== Problem requirements ==
From the entries below, please output exactly the lines starting at the one containing "Chest x-ray Two" and ending at the one containing "echocardiogram images", both included.

== Source records ==
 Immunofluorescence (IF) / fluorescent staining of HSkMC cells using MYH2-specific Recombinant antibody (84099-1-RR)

==

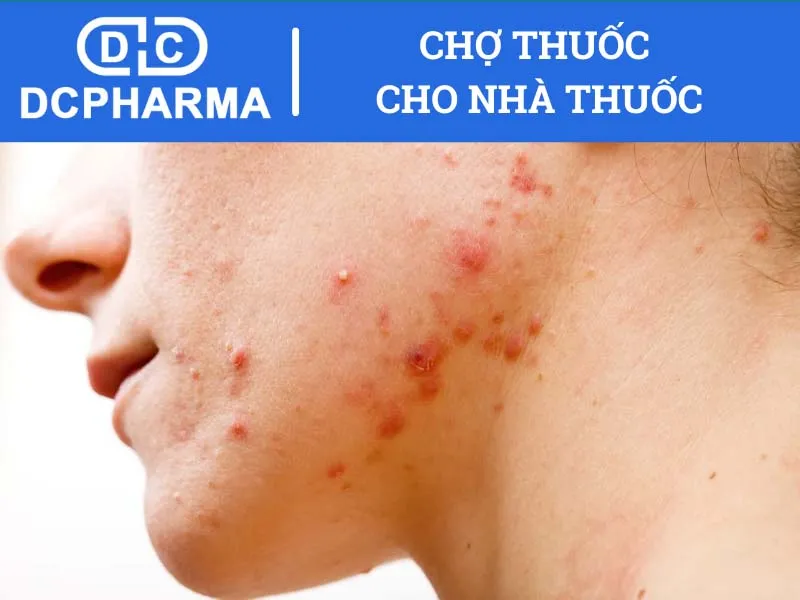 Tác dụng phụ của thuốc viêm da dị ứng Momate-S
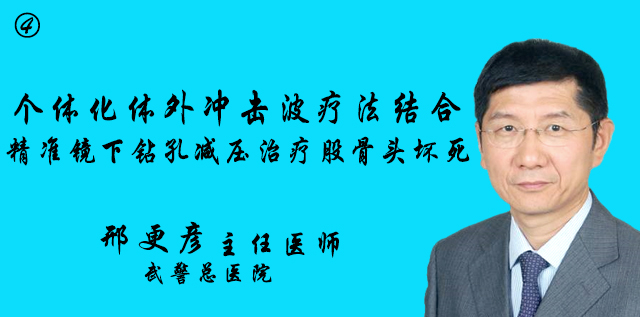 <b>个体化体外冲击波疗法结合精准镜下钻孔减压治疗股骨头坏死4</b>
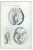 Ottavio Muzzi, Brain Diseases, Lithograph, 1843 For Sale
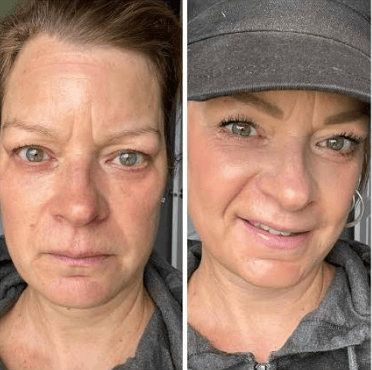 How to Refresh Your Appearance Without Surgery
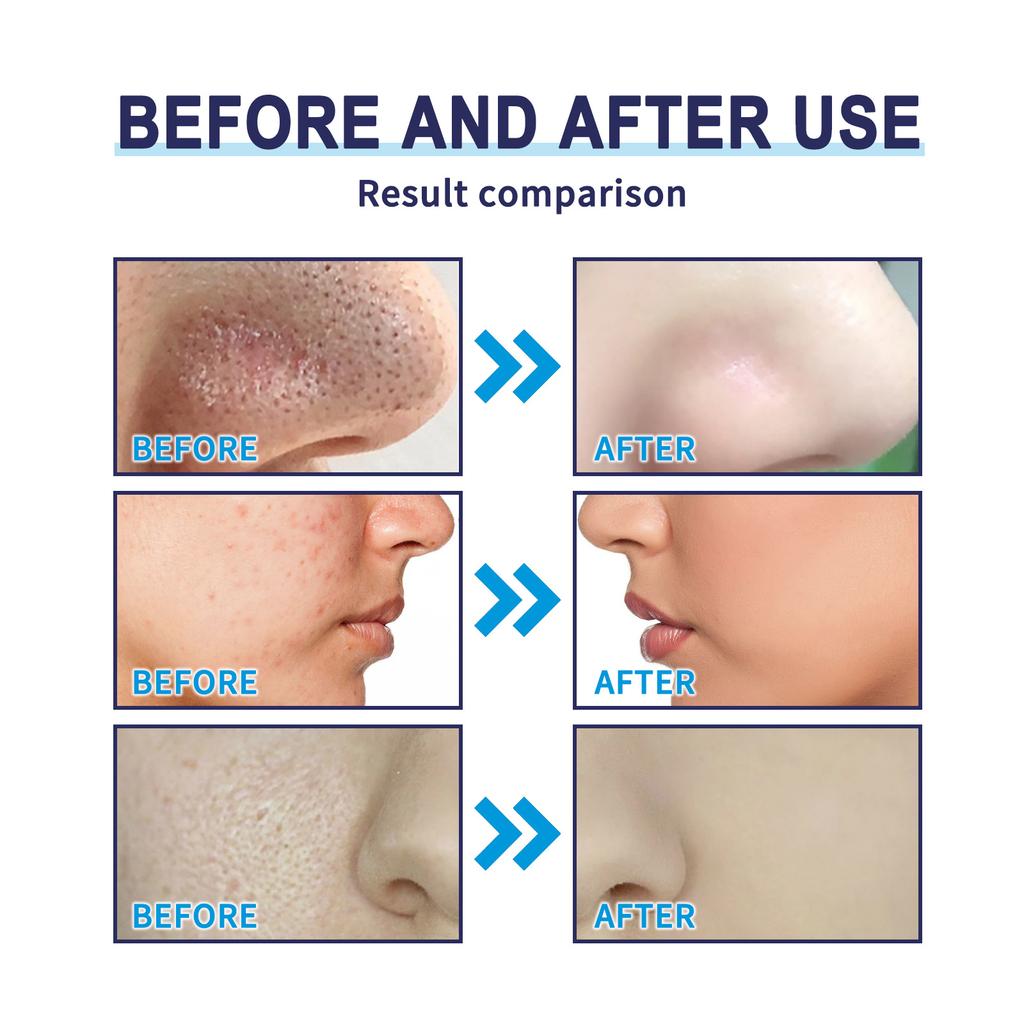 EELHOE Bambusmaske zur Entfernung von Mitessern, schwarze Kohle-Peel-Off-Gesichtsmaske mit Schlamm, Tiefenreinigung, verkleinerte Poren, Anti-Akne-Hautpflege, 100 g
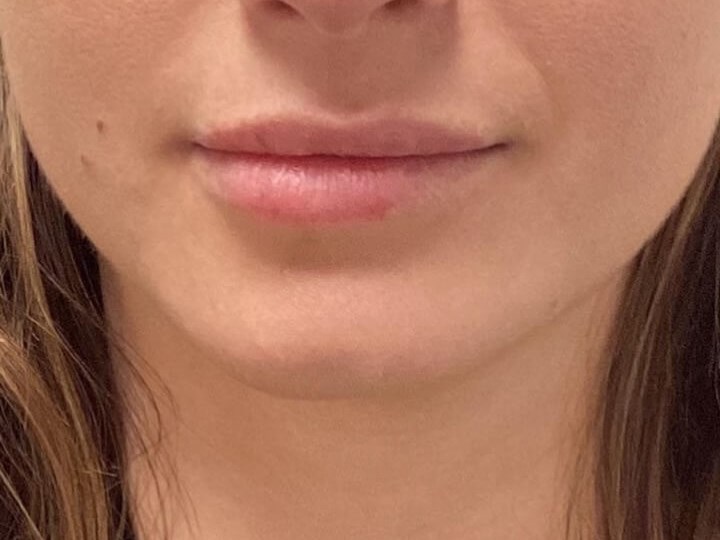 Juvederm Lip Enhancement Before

--

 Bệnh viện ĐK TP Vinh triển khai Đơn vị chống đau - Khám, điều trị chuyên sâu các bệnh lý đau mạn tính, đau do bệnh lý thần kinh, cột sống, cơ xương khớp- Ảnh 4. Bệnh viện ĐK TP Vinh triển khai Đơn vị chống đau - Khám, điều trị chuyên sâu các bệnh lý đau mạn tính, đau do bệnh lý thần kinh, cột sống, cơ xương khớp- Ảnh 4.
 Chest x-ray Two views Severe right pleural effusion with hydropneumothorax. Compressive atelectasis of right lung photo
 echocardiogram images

== Task result ==
 Chest x-ray Two views Severe right pleural effusion with hydropneumothorax. Compressive atelectasis of right lung photo
 echocardiogram images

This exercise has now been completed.